▸ **Work order**: Below are some records; quote exactly the lines from the one that contains "Epson SG-8504CA 100.0M" through the one that contains "Pietra Side Table – thumbnail image #3", inclusive, and no others.

▸ **Working data**:

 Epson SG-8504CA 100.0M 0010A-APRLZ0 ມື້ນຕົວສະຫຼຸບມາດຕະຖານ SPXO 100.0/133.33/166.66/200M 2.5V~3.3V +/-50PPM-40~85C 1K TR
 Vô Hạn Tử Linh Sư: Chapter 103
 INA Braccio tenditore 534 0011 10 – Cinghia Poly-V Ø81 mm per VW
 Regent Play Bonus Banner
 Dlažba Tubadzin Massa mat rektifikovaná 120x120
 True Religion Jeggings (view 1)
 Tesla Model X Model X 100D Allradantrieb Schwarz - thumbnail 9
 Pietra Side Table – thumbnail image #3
==
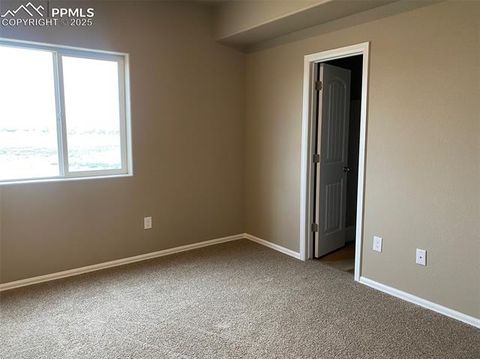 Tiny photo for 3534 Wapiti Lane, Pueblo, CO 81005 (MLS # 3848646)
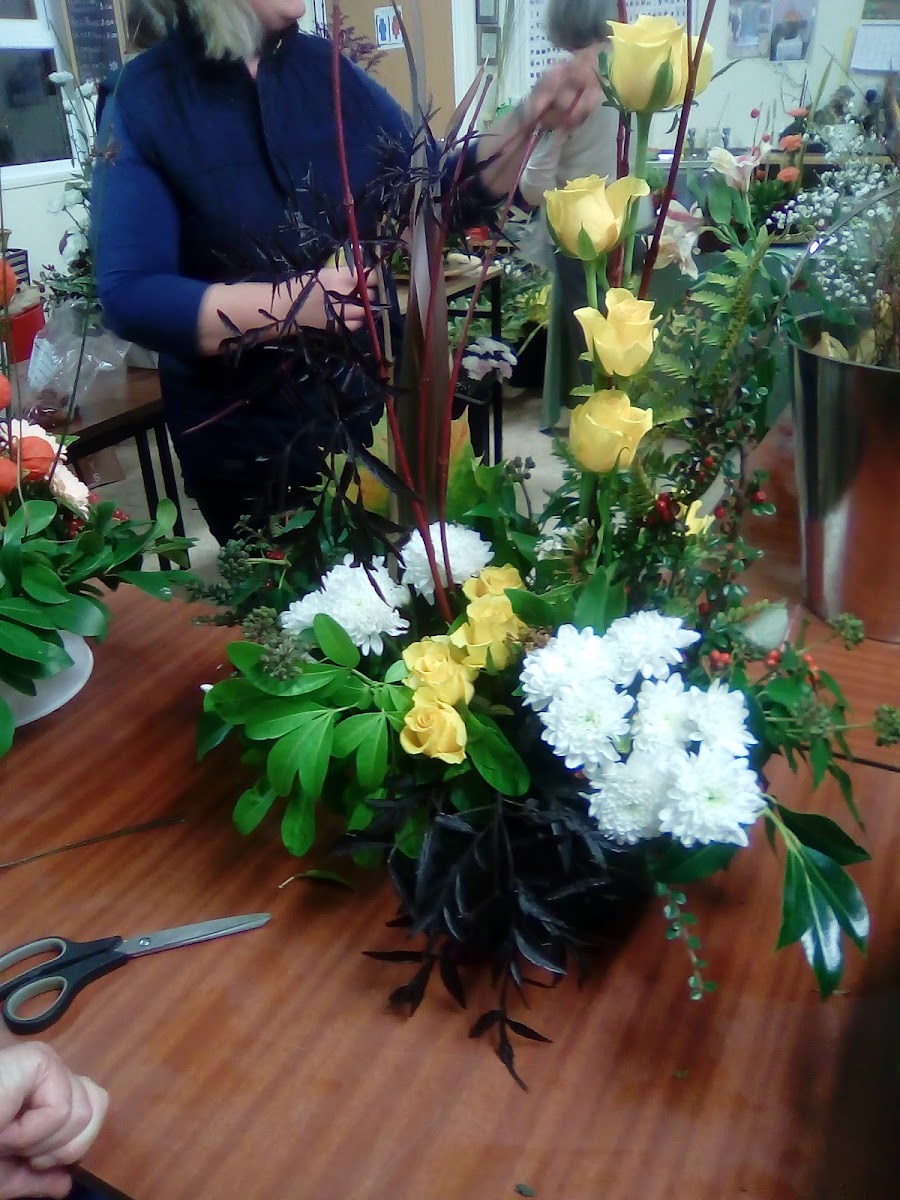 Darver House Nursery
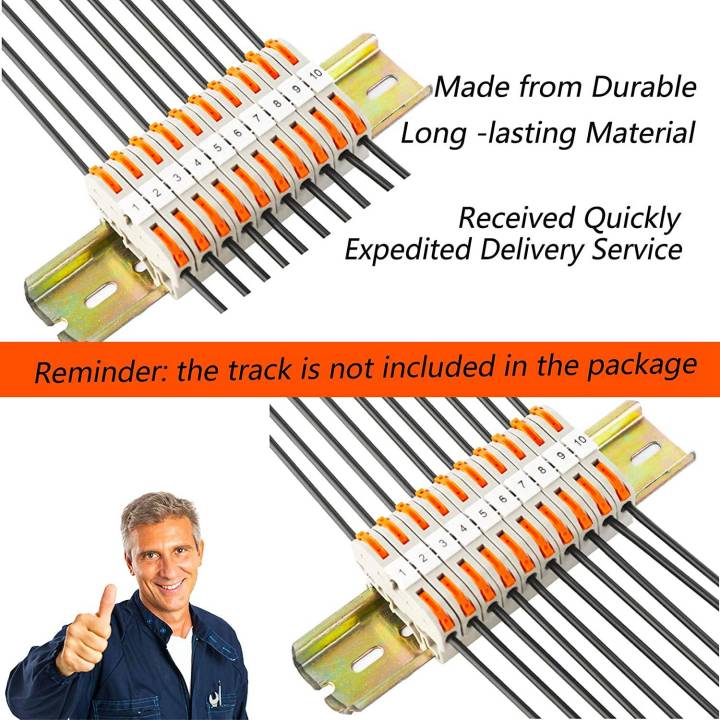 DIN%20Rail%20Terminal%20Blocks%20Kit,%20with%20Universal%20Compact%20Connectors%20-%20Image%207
---
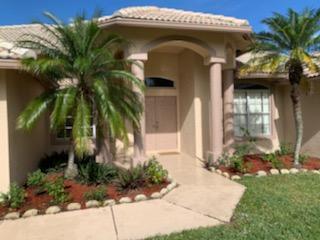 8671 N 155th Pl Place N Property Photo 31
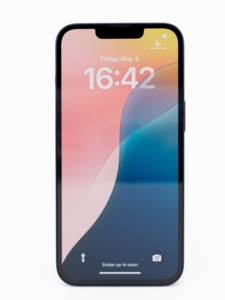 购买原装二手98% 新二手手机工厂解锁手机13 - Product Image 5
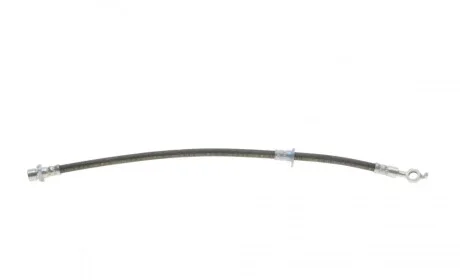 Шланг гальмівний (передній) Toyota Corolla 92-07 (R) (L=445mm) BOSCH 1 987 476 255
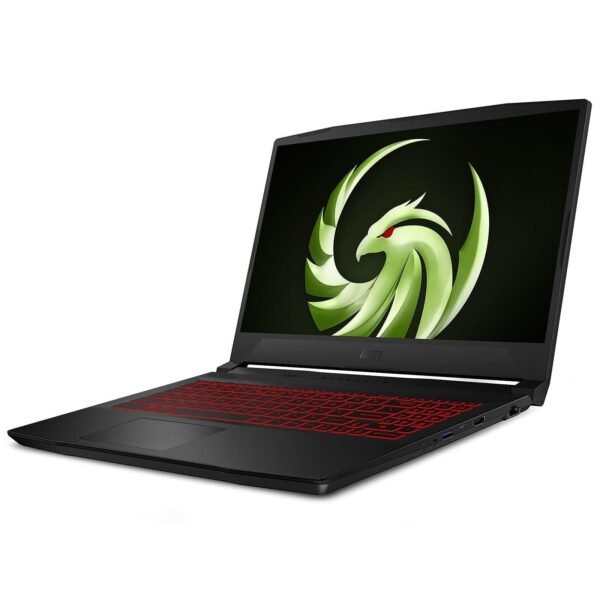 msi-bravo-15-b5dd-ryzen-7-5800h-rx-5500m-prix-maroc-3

▸ **Solution to this exercise**:
 Epson SG-8504CA 100.0M 0010A-APRLZ0 ມື້ນຕົວສະຫຼຸບມາດຕະຖານ SPXO 100.0/133.33/166.66/200M 2.5V~3.3V +/-50PPM-40~85C 1K TR
 Vô Hạn Tử Linh Sư: Chapter 103
 INA Braccio tenditore 534 0011 10 – Cinghia Poly-V Ø81 mm per VW
 Regent Play Bonus Banner
 Dlažba Tubadzin Massa mat rektifikovaná 120x120
 True Religion Jeggings (view 1)
 Tesla Model X Model X 100D Allradantrieb Schwarz - thumbnail 9
 Pietra Side Table – thumbnail image #3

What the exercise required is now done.